In the second test case, total 2400 messages of size 32 bytes was generated and sent to the Message broker in batches, 25, 50, 100, 200, 400, and 800. As in first test case, the latency was calculated for individual messages and recorded for the analysis.
The third test case considered CPU usage of the Message broker. The messages size of 1 KB was
continuously generated in 100 batches by the producer. The consumer continuously listened and read the messages. Meanwhile, CPU usage of each Message broker was monitored and recorded for the analysis.
Results and Analysis
Latency Over Message Size
As it depicts in the following figure, ActiveMQ, RabbitMQ and Kafka show a clear trend that latency gets increased over message size. AWS SQS does not show such a clear trend. The latency range in SQS is high compared to other systems for each message size. It can be seen in almost every message size: RabbitMQ shows a lower latency compare to Kafka.
Latency Over Batch Size
In this test scenario, 32 bytes fixed size messages were generated while increasing the batch size sending a total of 2,400 messages. (Note: AWS SQS was not considered in this test scenario as it showed clear high latency from previous test case). The following figure shows the result of the test scenario. It is clearly seen, Kafka tends to perform well compare to others on high message load.

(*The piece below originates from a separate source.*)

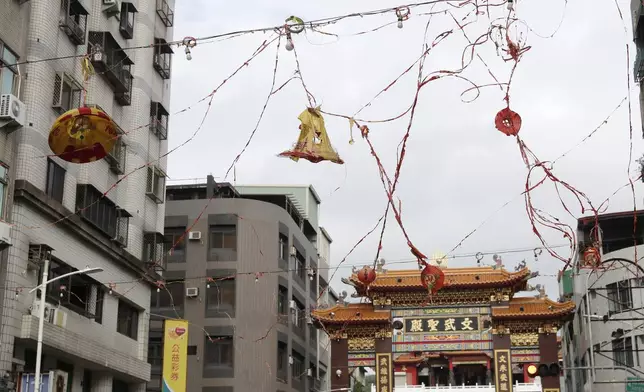 Lanterns destroyed by the wind of Typhoon Krathon, hang outside a temple in Kaohsiung, southern Taiwan, Friday, Oct. 4, 2024. (AP Photo/Chiang Ying-ying)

The figure below shows the CPU usage of each Message broker system, while producers continuously generating 1KB messages in 100 batches, and consumer continuously retrieving messages from the broker. The test case carried out simultaneously on all message brokers. The result shows Kafka still uses low CPU usage while providing better message latency compare to ActiveMQ and RabbitMQ.
CPU usage of message brokers.
The message brokers provide an architecturally simple and scalable solution among other indirect communication approaches based on the technical and theoretical background of indirect
communication technique. The message broker systems today can be categorized as traditional and modern approaches. ActiveMQ and RabbitMQ inherit tradition message broker features, while Kafka and AWS SQS represents modern approaches of message broker systems. The performance comparison of these message broker systems show that traditional approaches like RabbitMQ outperform modern systems like Kafka and SQS but in low message load. Kafka tends to perform well when increasing the message load. The CPU usage result shows that Kafka handles a high throughput of messages still with low CPU usage.
- G. Coulouris, Jean Dollimore, and Tim Kindberg. Distributed Systems: Concepts and Design.
- G. Hohpe and B. Woolf. Enterprise Integration Patterns: Designing, Building, and Deploying Messaging Solutions.
- E. Jendrock et al. The Java EE 6 Tutorial — Java Message Service Concepts.
- AMQP Advanced Message Queuing Protocol.
- STOMP: The Simple Text-Oriented Messaging Protocol.
- Prakash Malani. Transaction and Redelivery in JMS.